Last year, the rule accurately predicted futility stops for Synta with ganetespib in NSCLC and for Verastem’s defactinib in mesothelioma, among others. EP Vantage has screened the public company universe for sub-$300m market cap groups with phase III cancer trials.
|Companies likely to test the Feuerstein-Ratain rule|
|Market cap* ($m)||Project||Company||Data|
|157||DCVax-L||Northwest Biotherapeutics||Sep 2016**|
|36||Zoptarelin doxorubicin||Æterna Zentaris||Dec 2016|
|251||90Y-clivatuzumab tetraxetan||Immunomedics||Dec 2016|
|112||Rocapuldencel-T||Argos Therapeutics||Apr 2017|
|138||Nanoplatin||Orient Europharma||Jun 2017|
|142||Livatag (doxorubicin transdrug)||Onxeo||Jul 2017|
|121||Pexastimogene devacirepvec||Transgene||Oct 2017|
|83||VB-111||Vascular Biogenics||Dec 2017|
|82||Tedopi||OSE Pharma||Mar 2018|
|251||Sacituzumab govitecan||Immunomedics||Dec 2019|
|29||ICT-107||ImmunoCellular Therapeutics||Dec 2019|
|Notes: *as at March 15; **recruitment suspended, data likely to be later.|
First up to test the rule in this new environment is CytRx, whose 433-patient study of aldoxorubicin in soft-tissue sarcoma reads out in the second quarter. Aldoxorubicin is an albumin-linked prodrug designed to release doxorubicin in the acidic conditions inside the tumour.
This study could succeed since doxorubicin has long been used in the disease, but its dose is limited by cumulative toxicity. CytRx’s project might overcome this and a positive result here would add further strain on the Feuerstein-Ratain rule's validity.
Nine other companies are scheduled to report data in 2016, most towards the end of the year. If they report on time, the six-month pre-data timing of the Feuerstein-Ratain rule will be coming up soon.
Interestingly, two companies appear twice in the table thanks to a second phase III readout in later years. Perhaps a positive result in the first study will project them out of the sub-$300m zone – as was the case with Celator – and improve the odds for a second positive result.
The first is OncoGenex, which has two phase III trials under way with custirsen, in prostate and lung cancers, both of which have had their designs changed to reduce recruitment or focus on poor-prognosis patients after custirsen's earlier phase III failure in castrate-resistant prostate cancer.
And Immunomedics has two phase III studies under way, this time with different antibody-drug conjugates. The first is 90Y-clivatuzumab tetraxetan in metastatic pancreatic cancer, and the other sacituzumab govitecan in triple negative breast cancer.
Companies with the smallest market valuations are either poorly financed or have already endured some major setback.

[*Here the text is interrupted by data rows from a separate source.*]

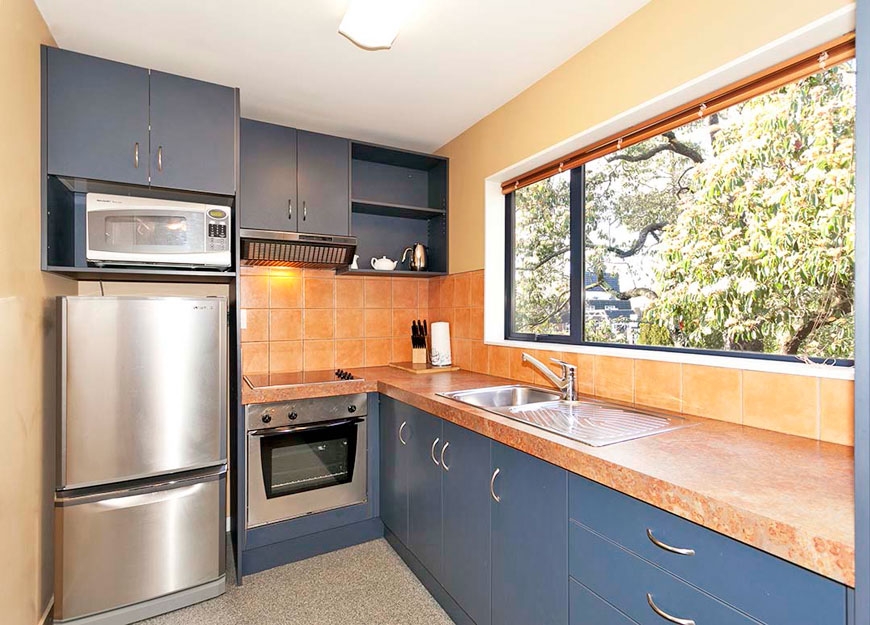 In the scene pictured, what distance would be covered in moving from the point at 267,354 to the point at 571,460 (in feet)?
7.00

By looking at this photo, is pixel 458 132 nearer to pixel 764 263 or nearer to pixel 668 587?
pixel 764 263

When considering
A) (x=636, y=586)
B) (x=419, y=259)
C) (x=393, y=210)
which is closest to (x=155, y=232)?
(x=393, y=210)

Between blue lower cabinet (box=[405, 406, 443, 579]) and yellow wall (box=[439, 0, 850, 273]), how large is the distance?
Answer: 1144 millimetres

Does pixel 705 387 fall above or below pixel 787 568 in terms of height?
above

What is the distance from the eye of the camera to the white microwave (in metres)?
1.95

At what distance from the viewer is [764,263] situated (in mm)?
1520

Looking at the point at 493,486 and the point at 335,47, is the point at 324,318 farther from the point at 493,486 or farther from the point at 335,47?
the point at 493,486

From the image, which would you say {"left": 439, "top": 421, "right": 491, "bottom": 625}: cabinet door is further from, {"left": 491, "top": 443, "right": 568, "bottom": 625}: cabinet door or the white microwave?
the white microwave

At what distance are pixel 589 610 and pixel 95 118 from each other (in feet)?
8.41

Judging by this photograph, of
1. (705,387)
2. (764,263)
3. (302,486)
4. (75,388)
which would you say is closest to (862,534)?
(705,387)

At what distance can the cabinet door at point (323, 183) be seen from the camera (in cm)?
261

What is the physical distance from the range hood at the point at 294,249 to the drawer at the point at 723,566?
199cm

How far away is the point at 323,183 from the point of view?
266 cm

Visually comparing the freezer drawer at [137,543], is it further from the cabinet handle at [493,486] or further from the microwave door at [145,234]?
the cabinet handle at [493,486] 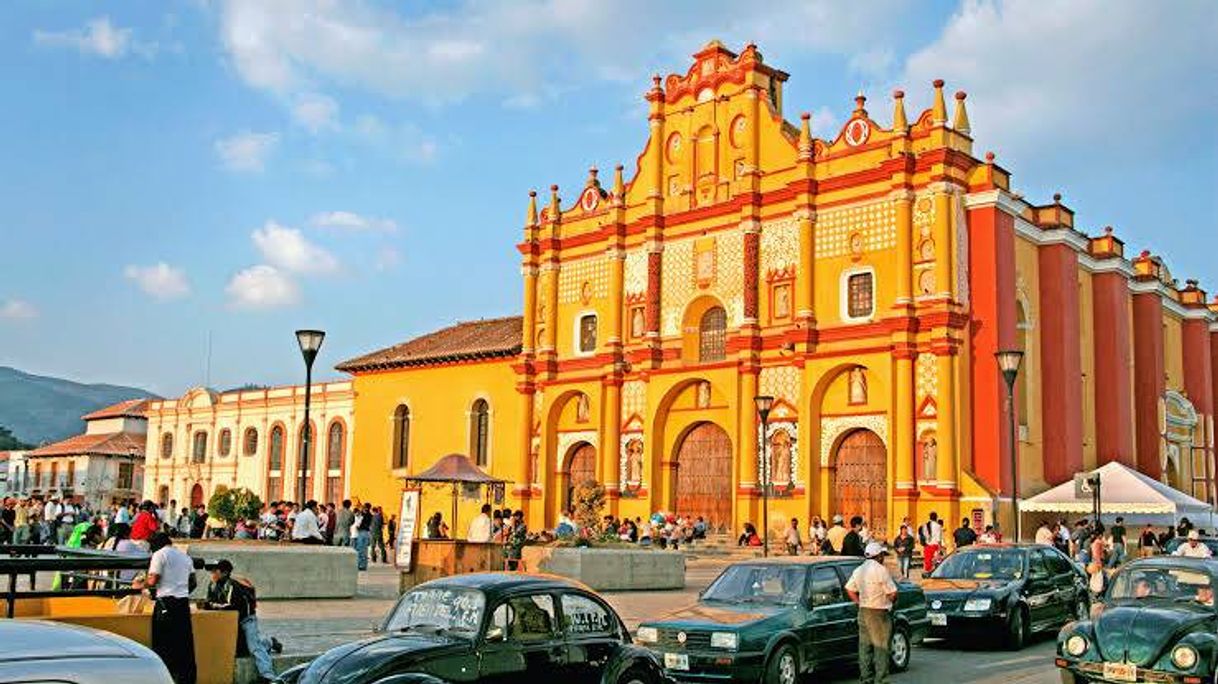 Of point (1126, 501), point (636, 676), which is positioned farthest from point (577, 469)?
point (636, 676)

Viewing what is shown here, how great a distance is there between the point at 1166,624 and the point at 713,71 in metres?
31.9

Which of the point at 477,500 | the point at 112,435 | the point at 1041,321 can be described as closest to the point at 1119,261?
the point at 1041,321

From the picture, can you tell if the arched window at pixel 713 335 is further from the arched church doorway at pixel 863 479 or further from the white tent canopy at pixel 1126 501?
the white tent canopy at pixel 1126 501

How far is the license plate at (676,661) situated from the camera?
12453mm

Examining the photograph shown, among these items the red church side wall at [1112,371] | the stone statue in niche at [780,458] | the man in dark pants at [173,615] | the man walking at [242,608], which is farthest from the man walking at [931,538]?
the man in dark pants at [173,615]

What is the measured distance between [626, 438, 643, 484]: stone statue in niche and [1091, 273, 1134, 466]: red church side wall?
15.1 metres

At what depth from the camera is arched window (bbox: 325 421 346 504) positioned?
54406 millimetres

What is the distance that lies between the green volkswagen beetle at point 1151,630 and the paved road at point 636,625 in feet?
6.27

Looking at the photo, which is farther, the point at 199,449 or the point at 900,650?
the point at 199,449

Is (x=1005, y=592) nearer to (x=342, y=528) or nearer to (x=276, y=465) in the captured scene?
(x=342, y=528)

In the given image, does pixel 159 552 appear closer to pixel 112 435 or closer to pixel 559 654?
pixel 559 654

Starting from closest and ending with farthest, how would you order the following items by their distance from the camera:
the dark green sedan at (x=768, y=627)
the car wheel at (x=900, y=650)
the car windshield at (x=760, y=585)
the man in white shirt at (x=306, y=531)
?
the dark green sedan at (x=768, y=627) → the car windshield at (x=760, y=585) → the car wheel at (x=900, y=650) → the man in white shirt at (x=306, y=531)

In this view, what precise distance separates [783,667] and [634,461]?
28.6 metres

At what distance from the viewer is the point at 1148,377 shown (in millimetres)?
41531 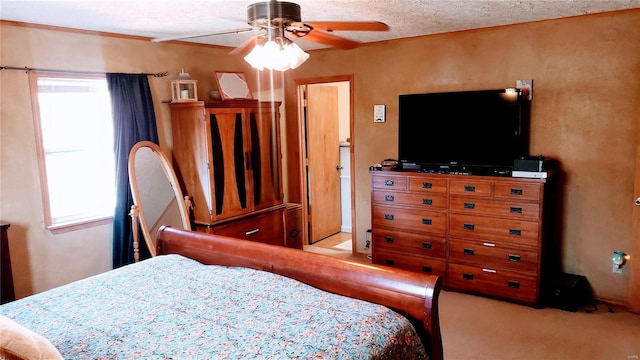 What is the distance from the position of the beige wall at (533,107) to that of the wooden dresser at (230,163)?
0.32 metres

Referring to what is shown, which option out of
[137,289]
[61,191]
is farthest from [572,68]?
[61,191]

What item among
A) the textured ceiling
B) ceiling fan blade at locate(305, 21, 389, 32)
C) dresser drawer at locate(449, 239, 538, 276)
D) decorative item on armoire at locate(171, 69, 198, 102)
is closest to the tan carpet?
dresser drawer at locate(449, 239, 538, 276)

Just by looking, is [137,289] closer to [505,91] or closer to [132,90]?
[132,90]

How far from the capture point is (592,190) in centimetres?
368

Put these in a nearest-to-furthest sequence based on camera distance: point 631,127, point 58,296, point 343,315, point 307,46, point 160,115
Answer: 1. point 343,315
2. point 58,296
3. point 631,127
4. point 160,115
5. point 307,46

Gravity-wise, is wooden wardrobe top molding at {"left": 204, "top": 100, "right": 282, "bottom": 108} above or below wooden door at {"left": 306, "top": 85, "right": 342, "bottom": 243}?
above

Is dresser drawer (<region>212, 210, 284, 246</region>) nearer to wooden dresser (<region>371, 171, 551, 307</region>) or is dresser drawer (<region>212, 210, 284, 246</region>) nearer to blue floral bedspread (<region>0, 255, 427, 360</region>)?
wooden dresser (<region>371, 171, 551, 307</region>)

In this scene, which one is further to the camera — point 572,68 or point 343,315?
point 572,68

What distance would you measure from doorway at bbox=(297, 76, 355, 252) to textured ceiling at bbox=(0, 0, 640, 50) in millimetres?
1734

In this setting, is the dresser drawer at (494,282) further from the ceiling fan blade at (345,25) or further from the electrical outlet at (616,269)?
the ceiling fan blade at (345,25)

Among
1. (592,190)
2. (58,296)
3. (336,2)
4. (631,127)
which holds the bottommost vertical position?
(58,296)

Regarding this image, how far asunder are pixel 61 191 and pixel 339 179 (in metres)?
3.30

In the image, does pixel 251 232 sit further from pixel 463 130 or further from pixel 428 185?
pixel 463 130

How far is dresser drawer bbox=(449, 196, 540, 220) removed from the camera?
11.7 ft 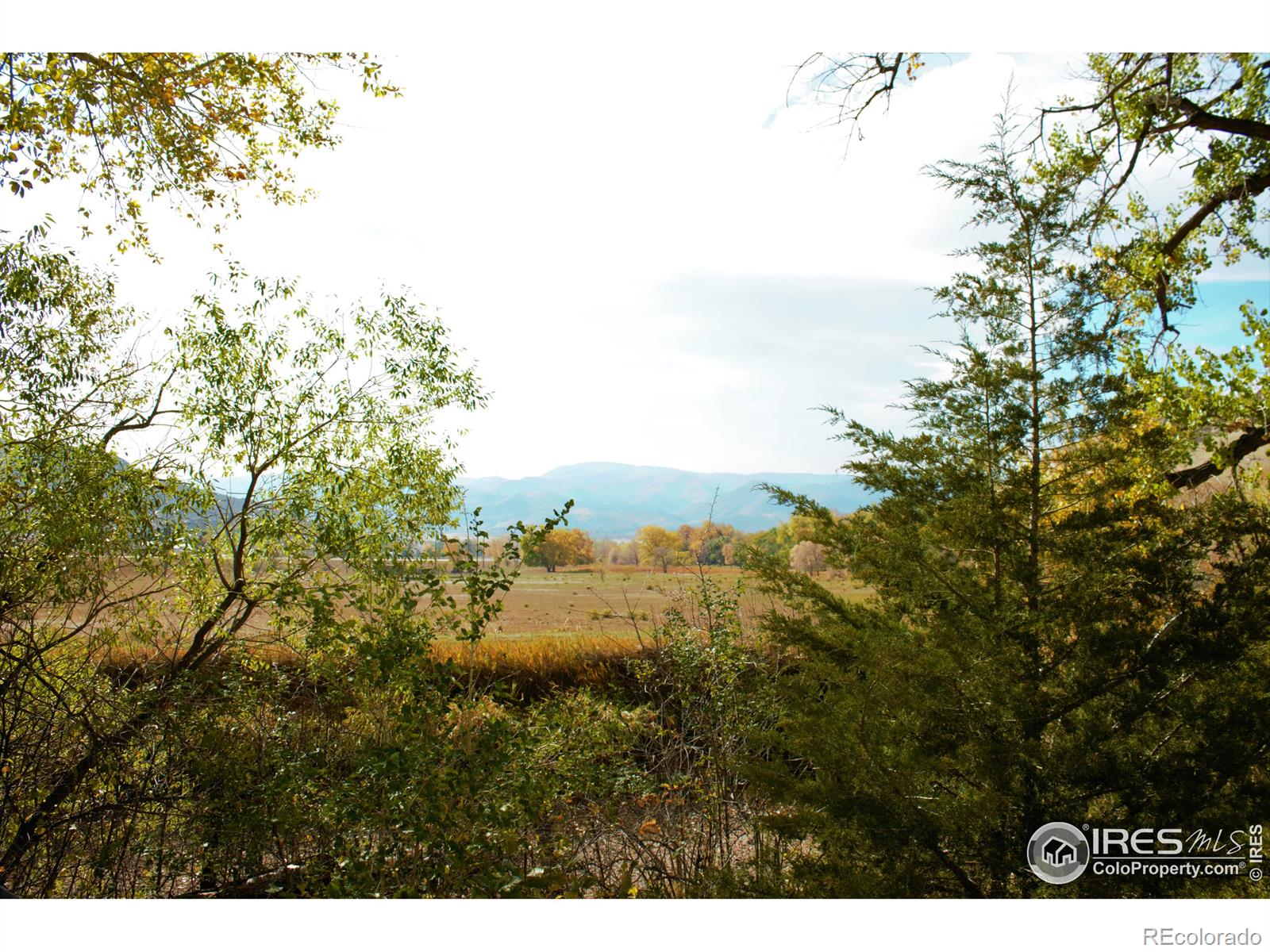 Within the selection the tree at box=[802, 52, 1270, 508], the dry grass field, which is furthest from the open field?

Cyclacel’s phase III study has, for example, already failed its interim analysis, but in its case the data safety monitoring board requested that the study continue to completion. Other companies might effectively be repeating a previously failed study with some minor changes, as is the case with Celsion.
One thing is certain: these companies will enjoy huge stock market gains if they deliver unambiguously positive phase III results.